What nonsense to think of that now! All whispering voices sound the same. Those voices had said something about a will, and, “
He's never seen her
,” and “
He's not going to
. You must get her away at once.” What had it got to do with her? It couldn't possibly have anything to do with her. One of those voices had said, “
It's a pity you can't marry her.”
… One of those voices? Or—one of these voices echoing faintly in the cleft?… “
It's a pity you can't marry her
.” …

Ann turned giddy. She was too crouched together to fall, but for a moment she was not fully conscious. What had she heard? What had she
really
heard? Had she heard someone say, “
It's a pity you can't marry her
,” or had she only remembered hearing a whispering voice say it long ago at the Luxe?… It wasn't really long ago, but it seemed so. She felt immeasurably removed from the places she had known.

And what place was this, and what things were talked of here?…
Murder
… The word had ceased to echo in the hidden places of the rock, but in the hidden places of her thought it echoed still.

The whispering fell to faint sound that just fretted the edge of her consciousness, and then the sounds of the air and of the water lapped over it and blotted it out.

Ann felt how stiff she was. She had only been crouching down in the cleft, but she seemed to have strained every muscle of her body. She crawled round the jutting corner, clung and scrambled a few more yards, and came out by the side of the house. She went up to her room, and was glad to get there unnoticed. She shut the door and sat down on the floor beside the window. She was shaking all over, and her thoughts shook too. She couldn't order them or get them to keep still.

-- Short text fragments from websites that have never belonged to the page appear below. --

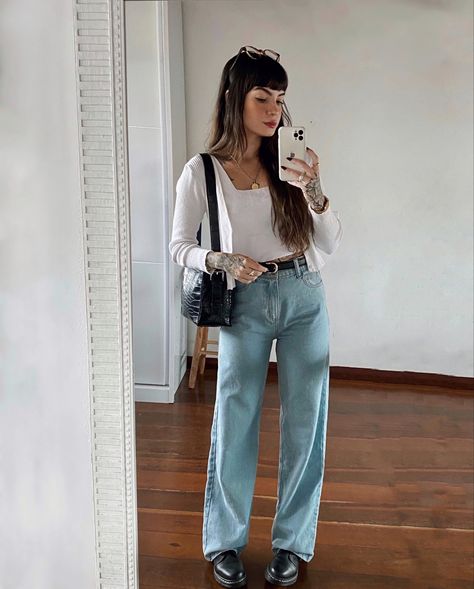 Wide Leg Jeans Outfit, Comfy Fashion, Cargo Jeans, Looks Style, Looks Vintage, Outfits Casuales, Jean Outfits, Wide Leg Jeans, Bell Bottom Jeans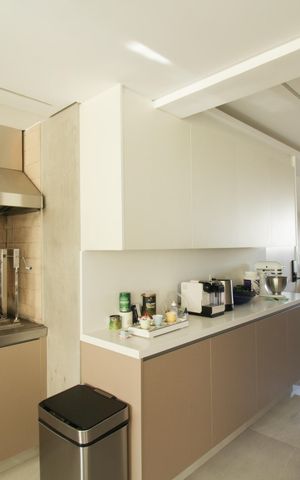 Apartamento à venda com 187m², 3 quartos e 3 vagas Apartamento à venda com 187m², 3 quartos e 3 vagasCozinha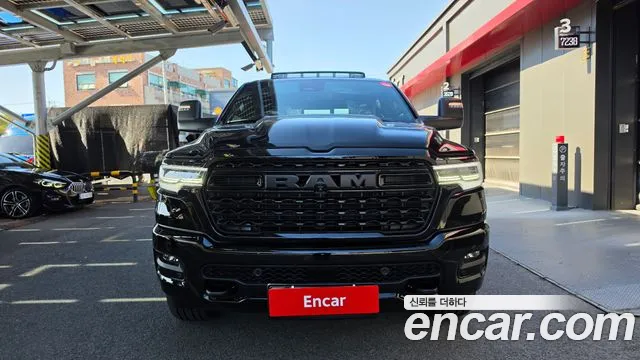 Dodge Ram Pickup — Фото автомобиля 3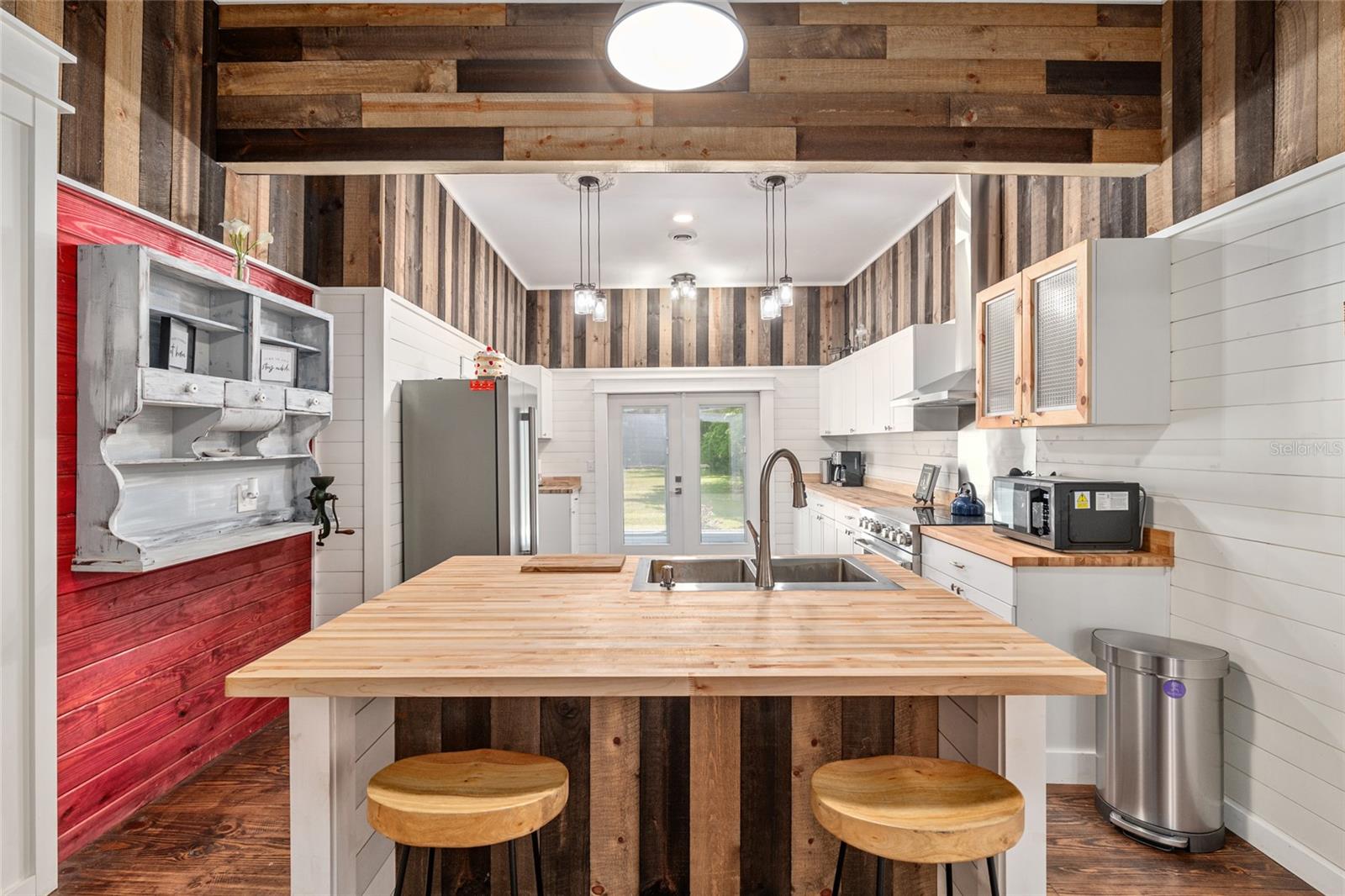 Image 23 of 98 For 19451 2nd Street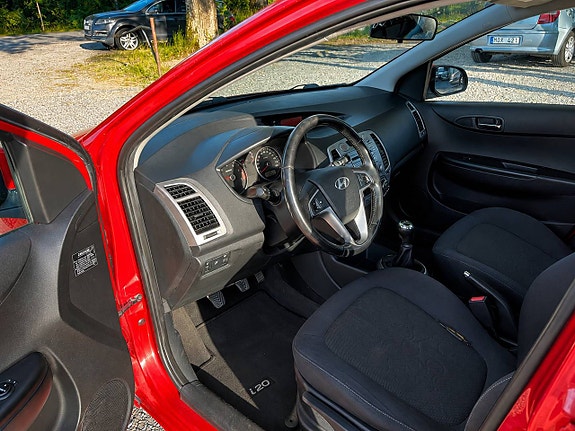 Hyundai i20 11 of 16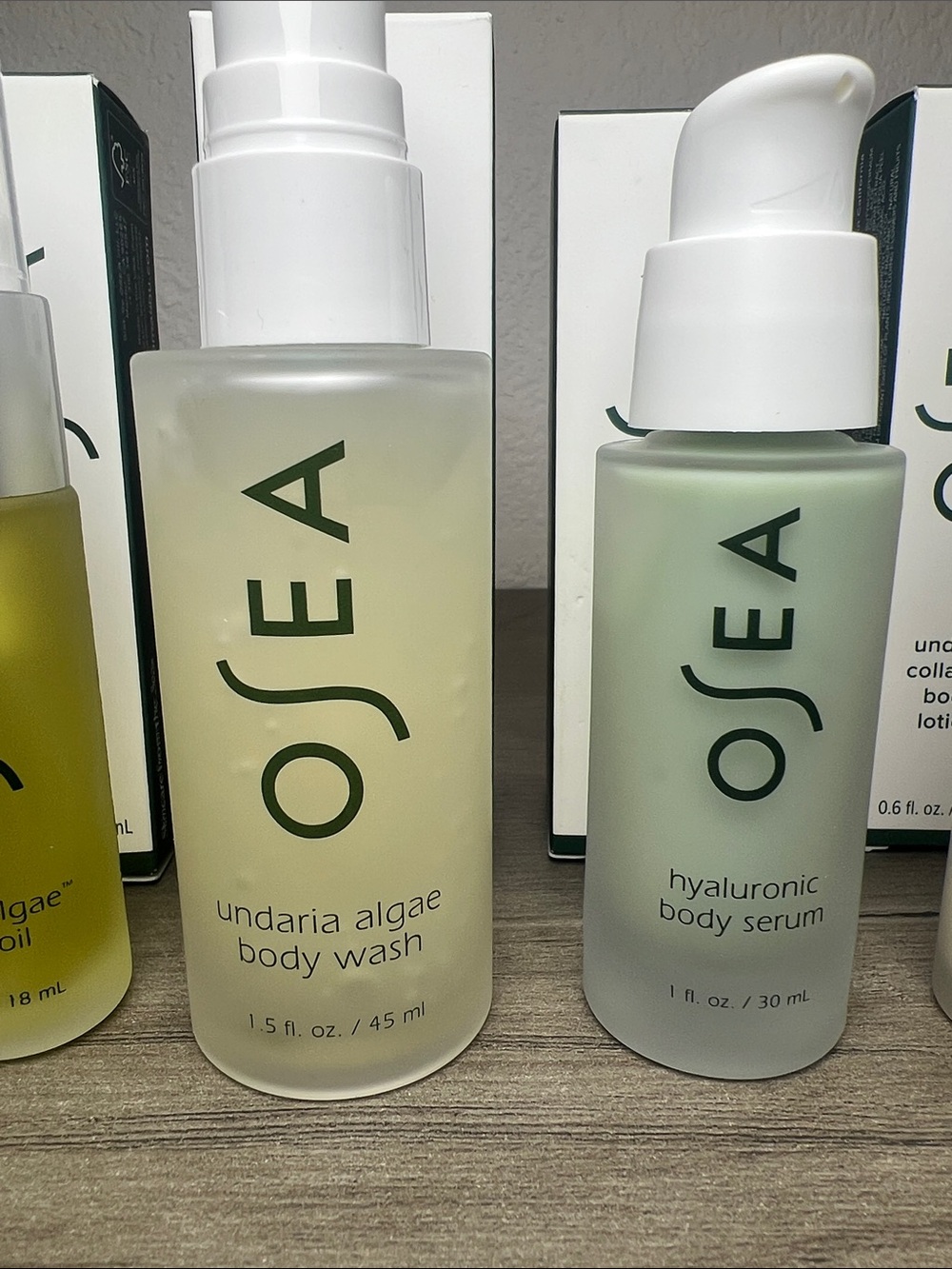 Osea Undaria Body Oil, Wash, Serum & Lotion Travel Bundle - Picture 3 of 4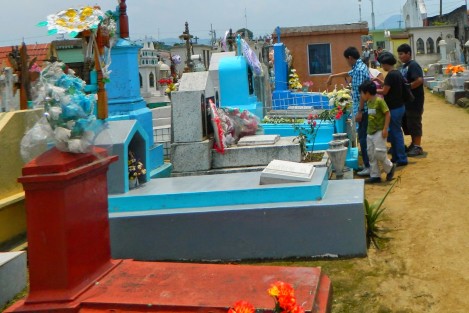 Personal de salud en alerta durante todos santos, esperan un gran número de visitantes a los panteones de Tlapacoyan.
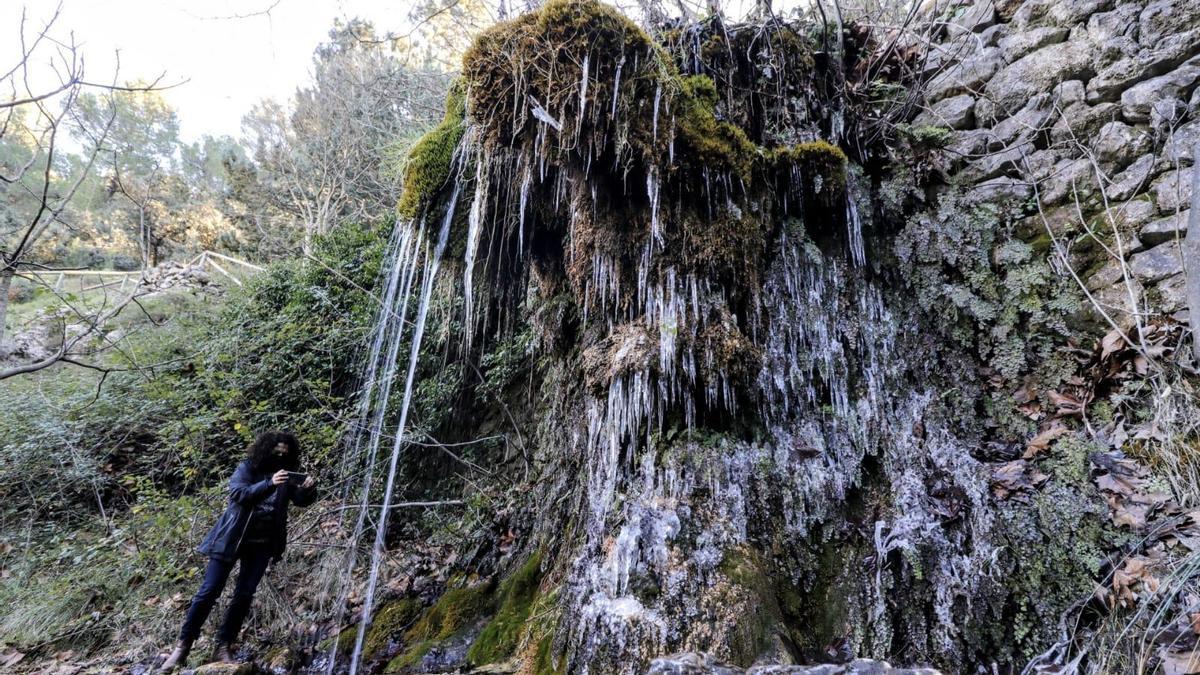 Formación de carámbanos en la Font de Moli Mató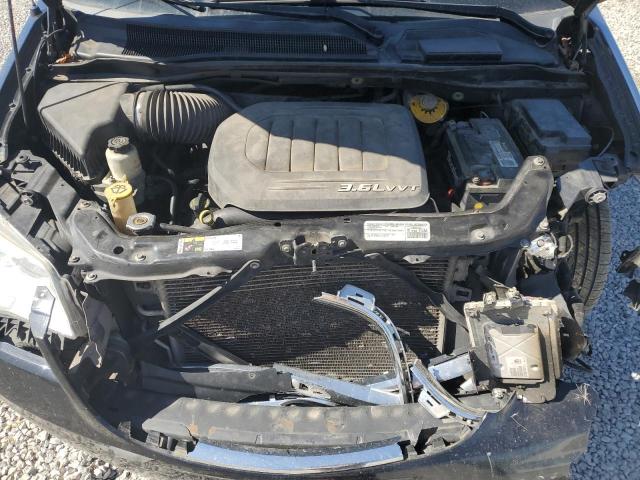 Photo 12 from auction – 2015 CHRYSLER TOWN & COU with VIN 2C4RC1BG1FR588973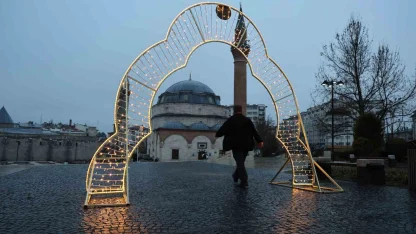Yağmura rağmen dışarıda saf tuttular: 4 asırlık camide bayram namazı kıldılar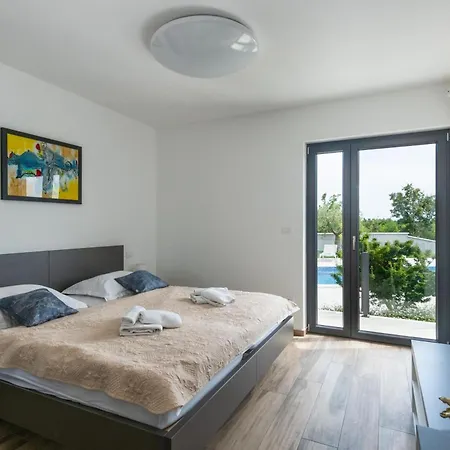 Emma Mit 5 Schlafzimmern Und Beheiztem Pool Holiday home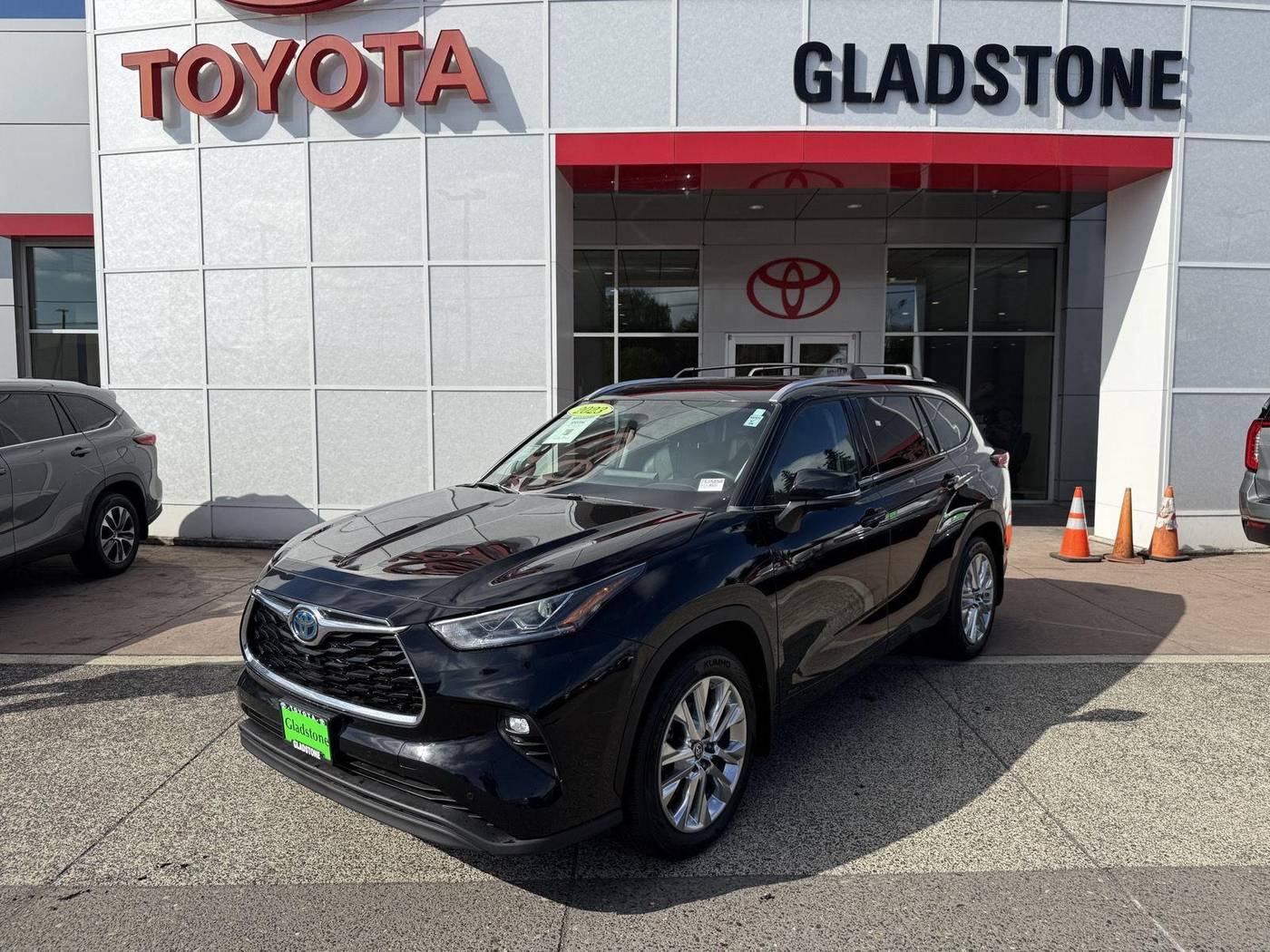 2023 Toyota Highlander Hybrid Limited — SUV — 58,435 mi — Gladstone, OR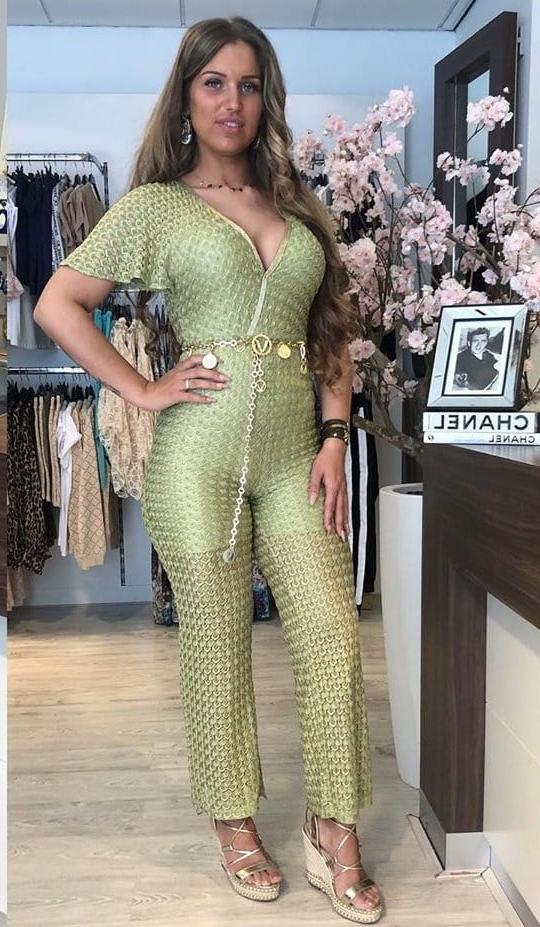 17P Hot Dutch amateur Fashionstore owner camel toe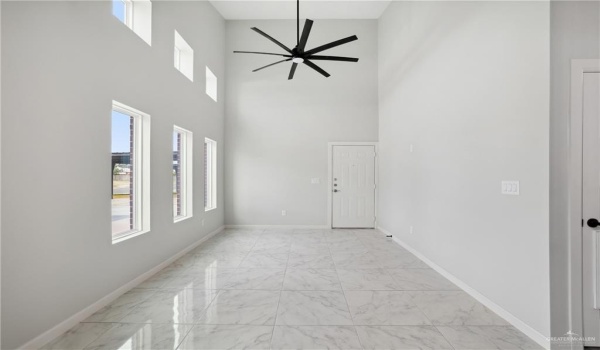 905 W 8th Street #2B, Mission, TX 78572, 3 Bedrooms Bedrooms, ,2 BathroomsBathrooms,Residential Lease,For Rent,905 W 8th Street,469157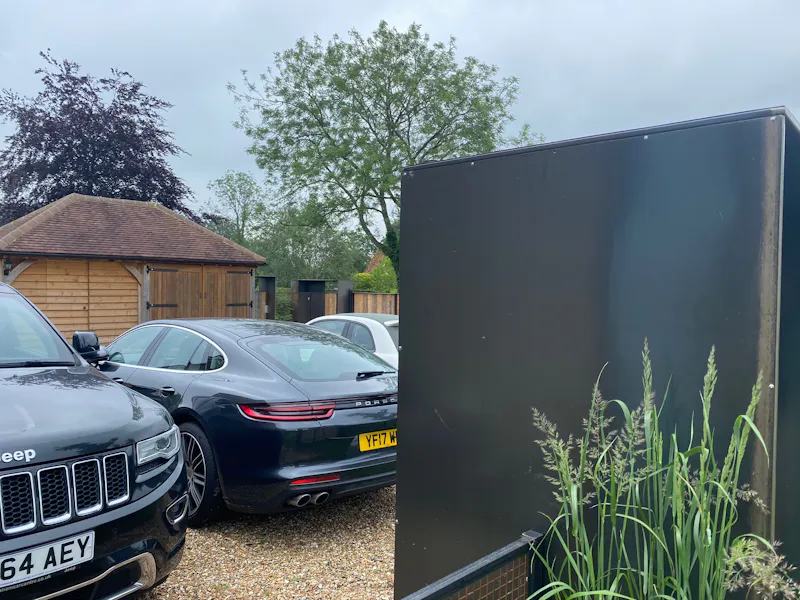 Luxe barn conversion in Dorking, L731 (photo 77)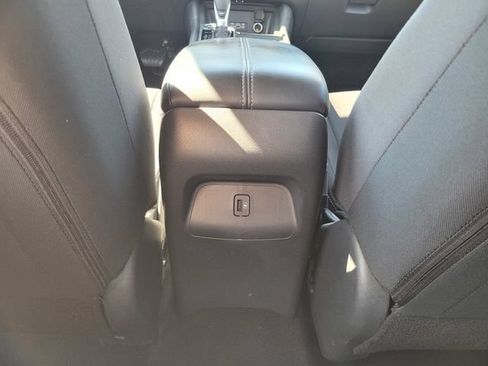 Certified 2025 Nissan Sentra SV FWD image 17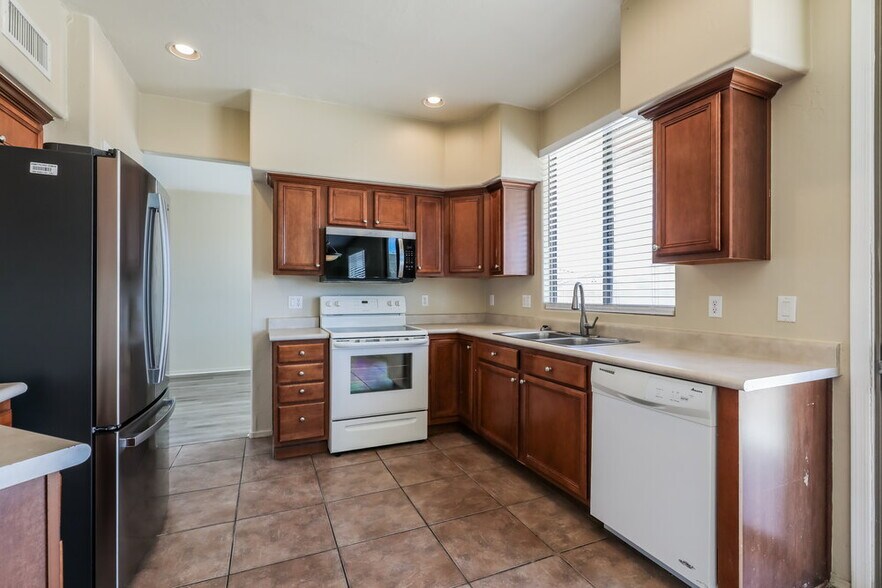 Building Photo - 5562 S Lemon Tree Dr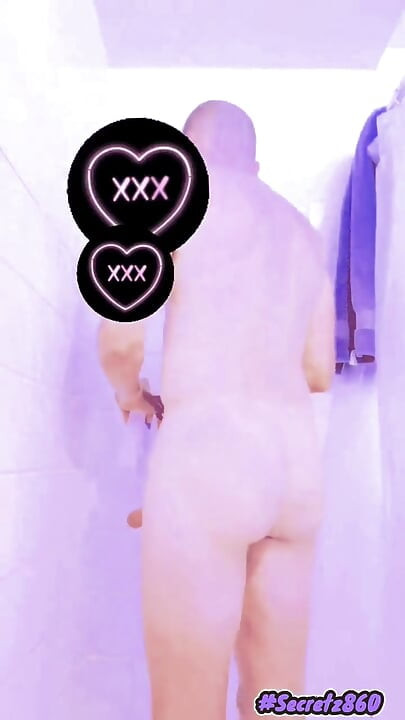 Kris Reelz- Takes a Perverted Shower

The sun shone upon the lawn, and the sky was a clear, pure blue. The air came softly off the water. There were patches of green on the hills, and streaks of red, and black, and purple. Every now and then a scent of pines mixed with the faint salt smell of the sea.

Ann got up and looked at herself in the glass. There was a smudge of green slime across her forehead. Her eyes stared back at her.

“Oh, Ann! What a fool you are!” she said.

She poured cold water into the basin and washed her face and hands. Then she came back to the window again and leaned upon the sill. Her thoughts had stopped shaking and she began to sort them out.

She thought that the whispering voices she had heard in the cleft were the voices she had heard at the Luxe. She thought that the Luxe voice and the cleft voice had said the same thing—“
What a pity you can't marry her
.” She thought those two things, but she wasn't sure. It was maddening not to be sure. She tried to piece together what she had heard.

First of all, at the Luxe: “
What a pity you can't marry her
.” And then, “
You're sure about the will
?” That was one man. And the other had said, “
I'm sure”
; and, “
Don't speak so loud”
; and, “
She must be got away before she knows
.”

Ann thought about that. There was a girl who was coming in for money under a will, and she didn't know about it, because they had said, “
If he dies, the whole thing will be in the papers. She must be got away before she knows
.”

There was a girl.… What girl?… How should Ann Vernon know?… Ann Vernon.… What girl?… Ann Vernon …

“Nonsense!”

Ann said the word out loud in a clear angry voice. She went on saying it. “Nonsense—nonsense—
nonsense!
” If she said it often enough, perhaps that would make it nonsense. How could this girl, who was being left a lot of money, be Ann Vernon? Why, there wasn't a single solitary soul in the world who would leave her a penny.

Elias Paulett.

The name said itself with frightening distinctness.

Her mother's uncle, Elias Paulett.

“Nonsense!” said Ann again.

He was very rich. He had cut her mother off when she married. He must be an old man now.…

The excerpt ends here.